Back-tracking, in any case...by Friday afternoon, the scene had been set. In a tiny, cell-shaped white room in a North London community centre stood an apple tree, seven feet tall by ten feet wide, and before it, two almighty six feet figures - the moon queen and the sun king. And by hooking and unhooking, tying and untying various panels with loops and strings, this little scene was able to tell a story in two dimensions.

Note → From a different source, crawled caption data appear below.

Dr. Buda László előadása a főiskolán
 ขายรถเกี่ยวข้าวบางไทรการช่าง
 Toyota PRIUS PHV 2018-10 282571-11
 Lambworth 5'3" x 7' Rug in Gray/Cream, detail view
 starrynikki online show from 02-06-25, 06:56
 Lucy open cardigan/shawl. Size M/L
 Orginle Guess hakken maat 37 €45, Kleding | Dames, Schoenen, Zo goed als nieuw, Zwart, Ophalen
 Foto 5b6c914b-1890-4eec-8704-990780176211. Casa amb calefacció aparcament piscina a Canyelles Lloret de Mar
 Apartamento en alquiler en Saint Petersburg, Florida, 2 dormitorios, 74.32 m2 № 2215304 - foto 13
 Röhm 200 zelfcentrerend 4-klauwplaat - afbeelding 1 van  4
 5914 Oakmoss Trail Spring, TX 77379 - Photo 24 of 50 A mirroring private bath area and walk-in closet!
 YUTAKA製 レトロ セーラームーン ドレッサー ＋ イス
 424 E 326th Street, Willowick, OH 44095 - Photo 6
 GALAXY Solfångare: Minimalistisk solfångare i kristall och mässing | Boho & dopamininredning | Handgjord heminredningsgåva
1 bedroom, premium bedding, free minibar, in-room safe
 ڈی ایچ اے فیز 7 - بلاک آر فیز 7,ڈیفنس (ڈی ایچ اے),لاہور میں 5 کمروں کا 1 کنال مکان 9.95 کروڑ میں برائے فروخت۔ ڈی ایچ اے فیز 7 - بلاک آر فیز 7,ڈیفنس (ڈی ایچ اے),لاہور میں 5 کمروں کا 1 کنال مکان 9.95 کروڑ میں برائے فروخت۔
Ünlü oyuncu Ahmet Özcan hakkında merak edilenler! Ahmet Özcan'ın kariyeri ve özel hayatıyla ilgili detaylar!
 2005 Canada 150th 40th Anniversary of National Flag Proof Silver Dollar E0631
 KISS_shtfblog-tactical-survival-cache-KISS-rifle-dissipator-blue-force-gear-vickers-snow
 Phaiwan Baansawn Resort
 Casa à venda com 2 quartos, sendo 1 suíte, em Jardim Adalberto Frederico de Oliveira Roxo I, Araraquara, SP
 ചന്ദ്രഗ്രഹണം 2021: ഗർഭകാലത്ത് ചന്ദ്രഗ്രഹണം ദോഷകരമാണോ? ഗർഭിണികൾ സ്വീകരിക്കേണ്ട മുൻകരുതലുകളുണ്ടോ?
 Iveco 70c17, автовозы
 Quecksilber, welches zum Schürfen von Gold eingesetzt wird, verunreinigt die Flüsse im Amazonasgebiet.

With the help of scrappy notes, storyboards, bulletpoints and our 'incidental music' track, Ms Rachel Drazek and I spent the afternoon creating nine sequences. In a tea break, during which mutual exhaustion began to get the better of us, we pondered how exactly to perform this cardboard-placing, toy theatre-animating ritual. We realised that, actually, we were not meant to be seen. Were this a toy theatre performance in traditional scale, we as animators would be hidden from view, pushing and pulling our panels with rods from behind a screen. So, really we are human rods. We are fulfilling a practical purpose alone, rather like the roadie who crosses the stage pre-gig to pick up a loose cable. To the thousands of people watching him, waiting expectantly for their performance, he carries a huge weight on his shoulders. To him, he is picking up a loose wire. This performance was about moving pictures. The thoughts and feelings of the individuals moving the pictures was irrelevant - in this precise moment, all these individuals cared about was allowing the pictures to tell their story.